◆ PROBLEM TO WORK ON
The data below contains pictures, which are to be skipped; the lines starting at the line with "Welcome to Beech" and ending at the line with "TRAQUILA Halter Neck Bodycon Maxi Dress" are to be output exactly, both ends included.

◆ DATA TO USE
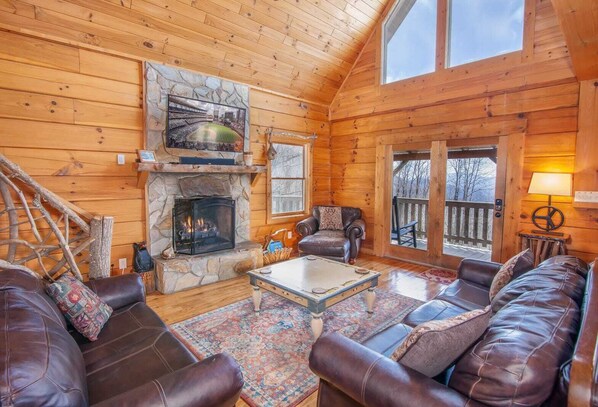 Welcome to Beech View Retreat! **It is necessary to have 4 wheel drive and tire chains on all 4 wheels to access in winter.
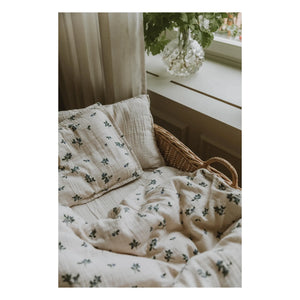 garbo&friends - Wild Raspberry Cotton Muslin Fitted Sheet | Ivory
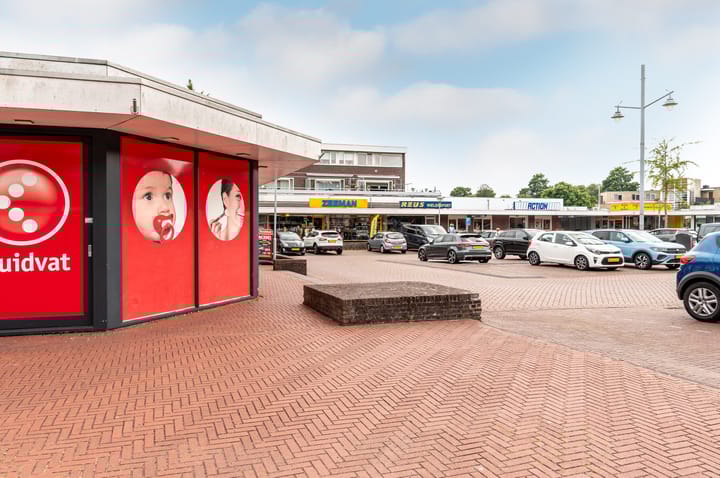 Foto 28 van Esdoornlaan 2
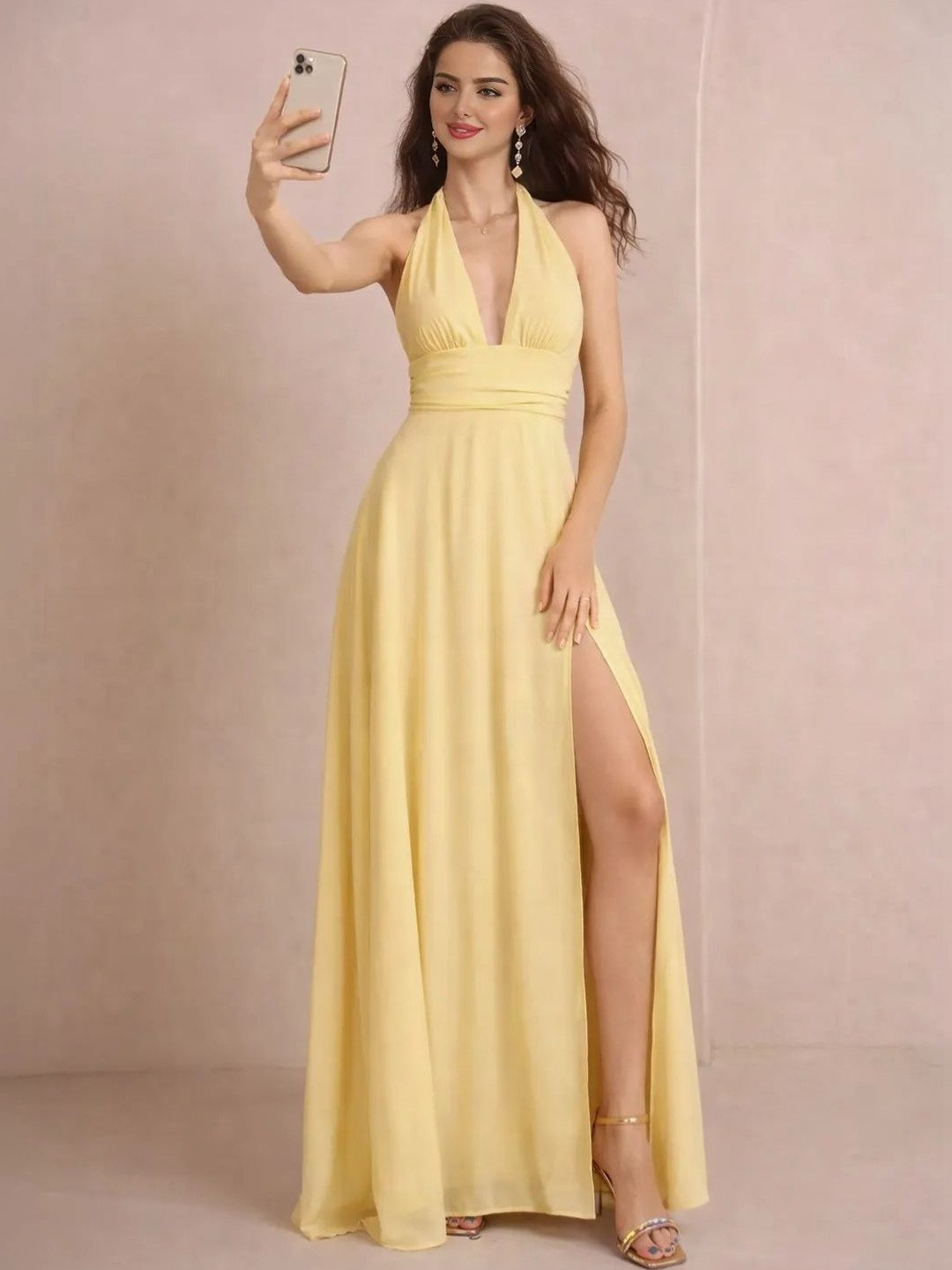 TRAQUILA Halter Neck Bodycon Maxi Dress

---

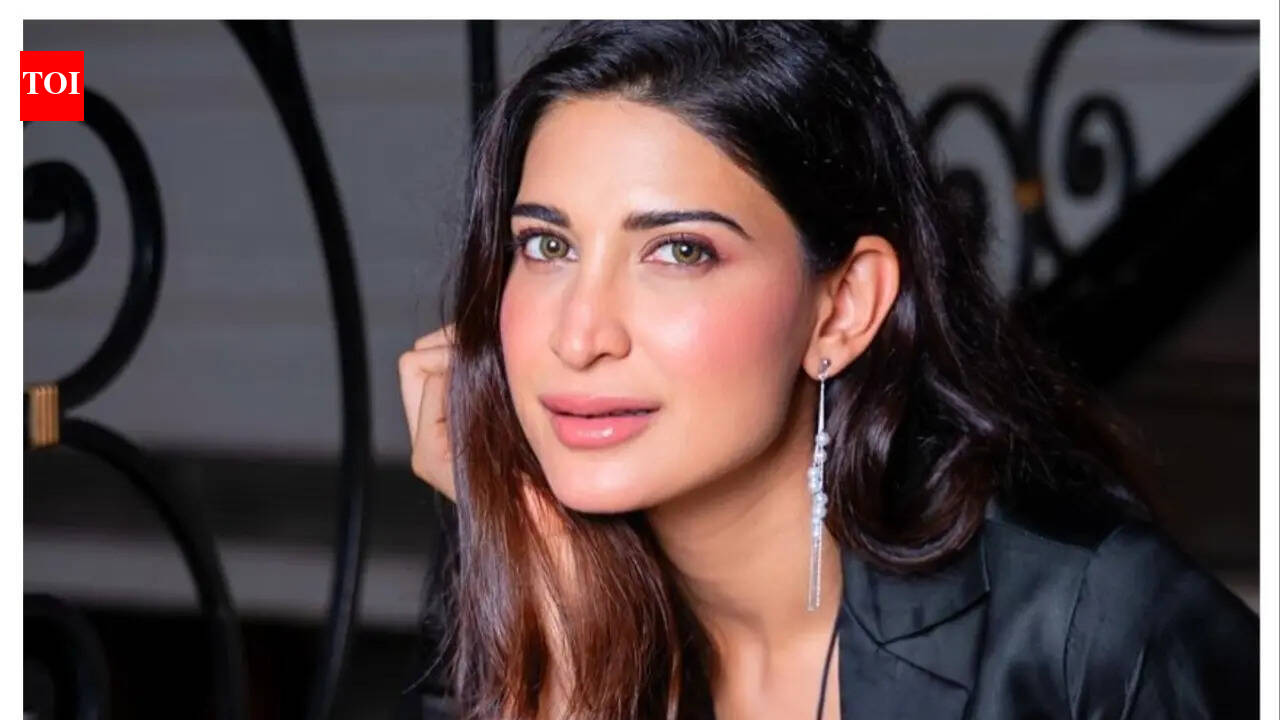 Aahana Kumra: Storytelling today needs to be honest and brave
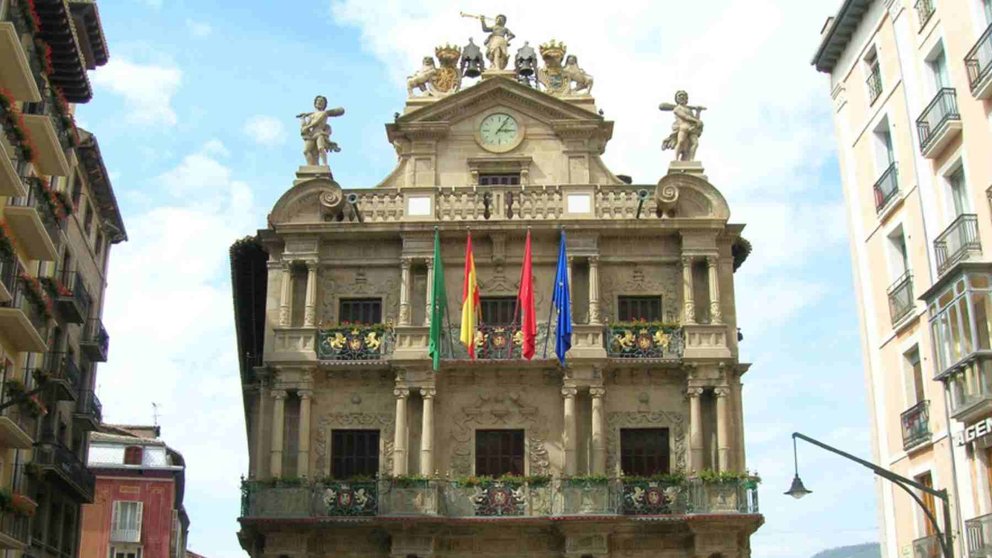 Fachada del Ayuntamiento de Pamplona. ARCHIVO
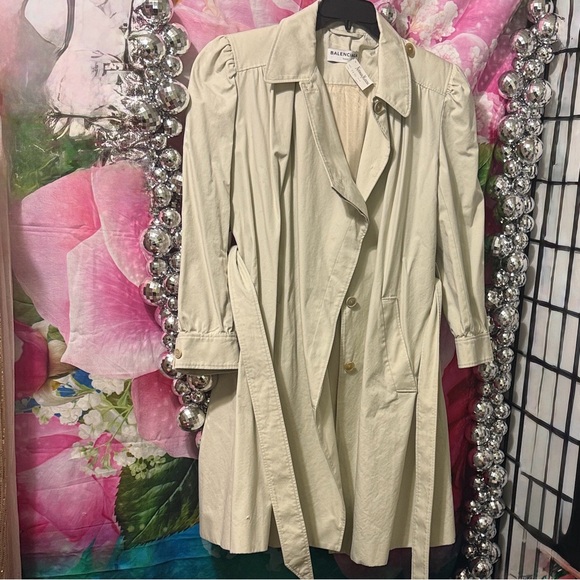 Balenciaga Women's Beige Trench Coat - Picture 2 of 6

◆ OUTPUT FOR THIS TASK
 Welcome to Beech View Retreat! **It is necessary to have 4 wheel drive and tire chains on all 4 wheels to access in winter.
 garbo&friends - Wild Raspberry Cotton Muslin Fitted Sheet | Ivory
 Foto 28 van Esdoornlaan 2
 TRAQUILA Halter Neck Bodycon Maxi Dress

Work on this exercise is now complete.